### [WHAT YOU NEED TO DO]
Search through the entries for the word "Photo" and copy every line that has it.

Short text fragments from websites
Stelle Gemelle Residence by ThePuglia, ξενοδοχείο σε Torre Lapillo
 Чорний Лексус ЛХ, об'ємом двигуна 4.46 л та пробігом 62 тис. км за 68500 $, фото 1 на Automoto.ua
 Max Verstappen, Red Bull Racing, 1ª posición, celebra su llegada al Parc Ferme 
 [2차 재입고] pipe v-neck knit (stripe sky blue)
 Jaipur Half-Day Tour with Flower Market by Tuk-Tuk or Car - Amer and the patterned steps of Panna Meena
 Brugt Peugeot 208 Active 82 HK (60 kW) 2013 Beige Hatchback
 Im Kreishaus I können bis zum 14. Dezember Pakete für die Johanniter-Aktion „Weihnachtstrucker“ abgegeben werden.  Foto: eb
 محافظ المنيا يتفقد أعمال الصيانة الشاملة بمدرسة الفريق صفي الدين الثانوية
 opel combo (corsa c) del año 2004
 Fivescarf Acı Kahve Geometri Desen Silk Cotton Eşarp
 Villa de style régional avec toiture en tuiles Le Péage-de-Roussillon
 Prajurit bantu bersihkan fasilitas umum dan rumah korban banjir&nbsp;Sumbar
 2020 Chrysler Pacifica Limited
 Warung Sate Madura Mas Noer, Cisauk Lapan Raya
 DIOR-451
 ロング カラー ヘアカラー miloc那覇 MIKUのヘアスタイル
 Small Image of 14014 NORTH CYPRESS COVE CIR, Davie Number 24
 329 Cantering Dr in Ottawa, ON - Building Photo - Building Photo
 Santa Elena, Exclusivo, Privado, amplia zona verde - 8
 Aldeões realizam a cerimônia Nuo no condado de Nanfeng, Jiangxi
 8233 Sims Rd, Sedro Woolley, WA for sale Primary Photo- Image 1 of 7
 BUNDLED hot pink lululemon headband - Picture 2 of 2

### [OUTPUT BELOW]
 329 Cantering Dr in Ottawa, ON - Building Photo - Building Photo
 8233 Sims Rd, Sedro Woolley, WA for sale Primary Photo- Image 1 of 7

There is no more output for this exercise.